== DATASET

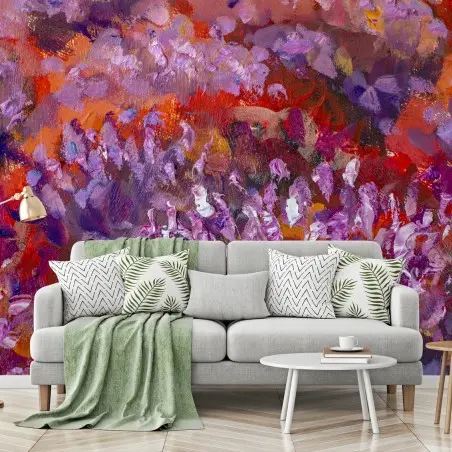 Papier peint lavandes impressionnistes en gros plan – Wallnifity®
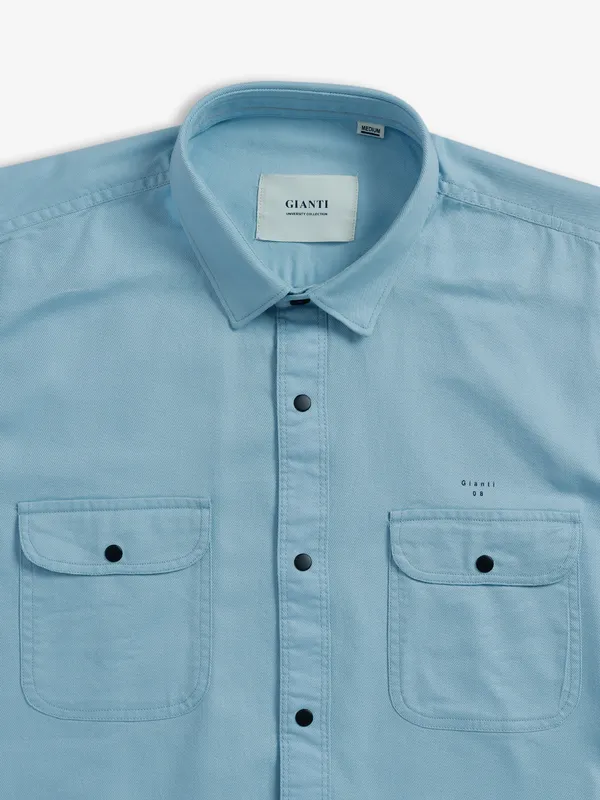Gianti plain cotton sky blue shirt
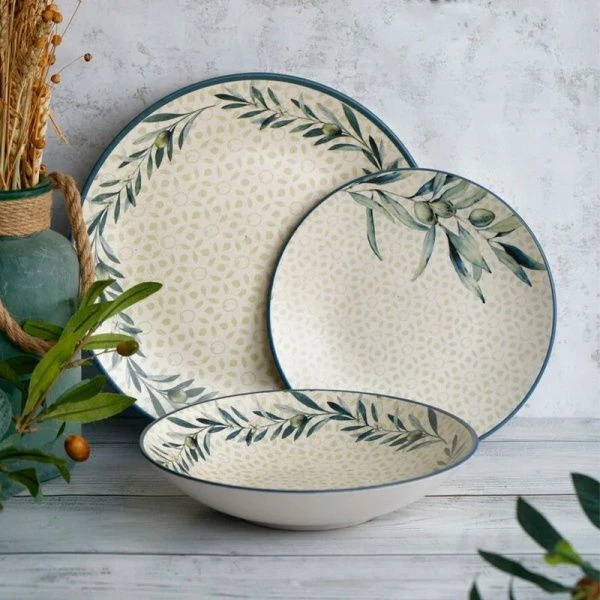 Тарелка мелкая 20см керамика OLIVE десертная DMD062 (12)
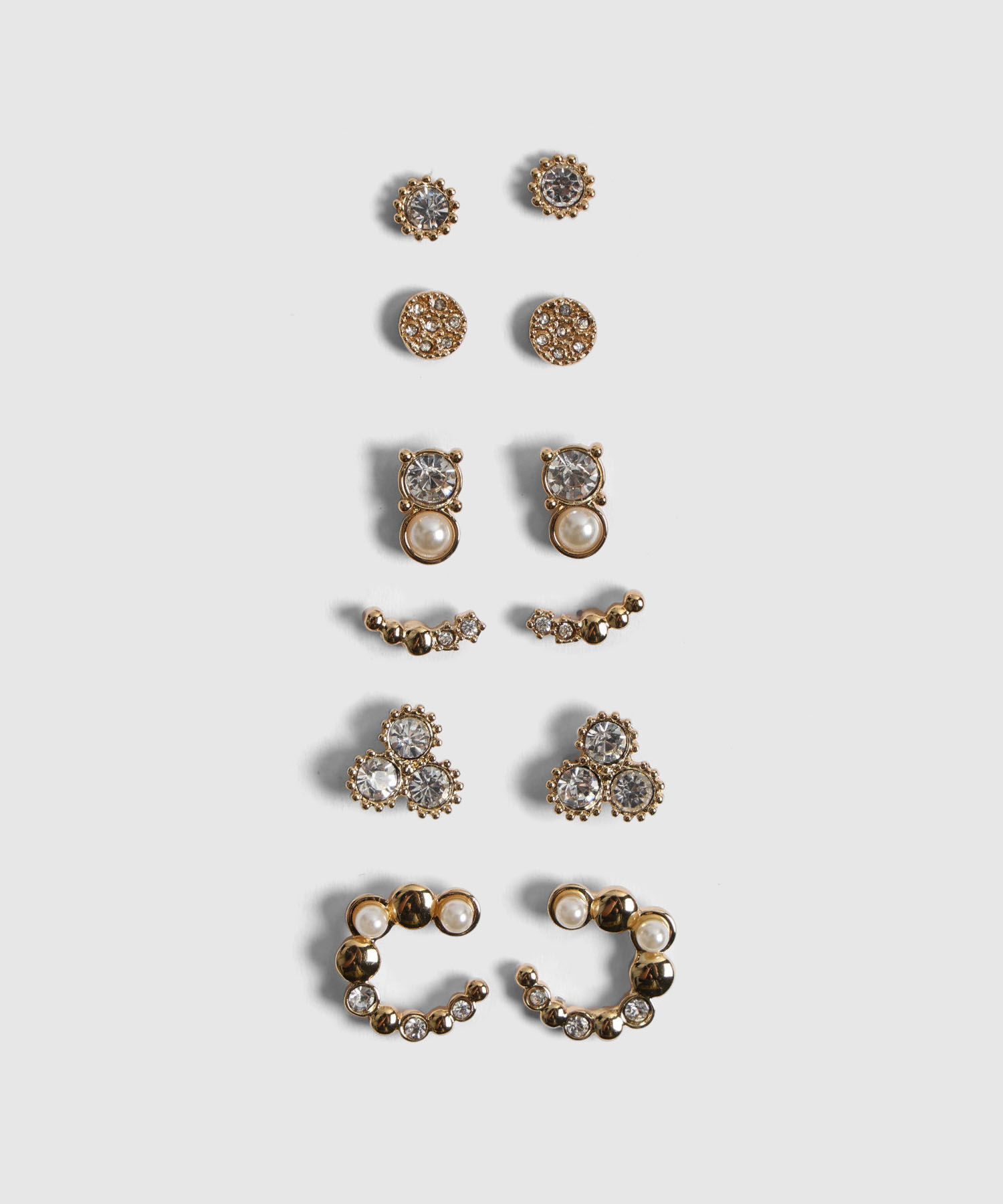 Set x 6 Aretes Dorados con Brillos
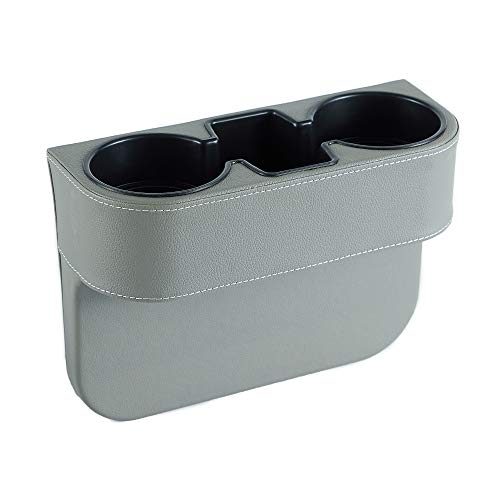 IOKONE Coin Side Pocket Console Side Pocket Leather Cover Car Cup Holder Auto Front Seat Organizer Cell Mobile Phone Holder (Gray) - color: Gray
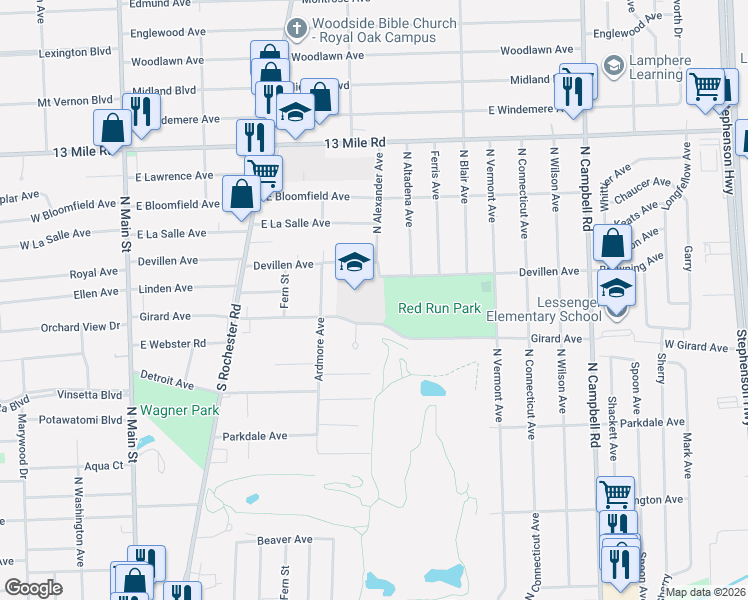 map of restaurants, bars, coffee shops, grocery stores, and more near 800 De Villen Avenue in Royal Oak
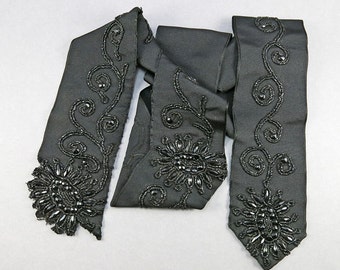 Victorian Antique Textile Beaded Trim Black Glass Beads Sewing Notions Craft Supplies Antiques Collectibles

====

TRY IT
Here the lines from the one with "IOKONE Coin Side" through the last line of the data above need to be repeated exactly, both included, and any picture omitted.

WRITTEN RESPONSE
 IOKONE Coin Side Pocket Console Side Pocket Leather Cover Car Cup Holder Auto Front Seat Organizer Cell Mobile Phone Holder (Gray) - color: Gray
 map of restaurants, bars, coffee shops, grocery stores, and more near 800 De Villen Avenue in Royal Oak
 Victorian Antique Textile Beaded Trim Black Glass Beads Sewing Notions Craft Supplies Antiques Collectibles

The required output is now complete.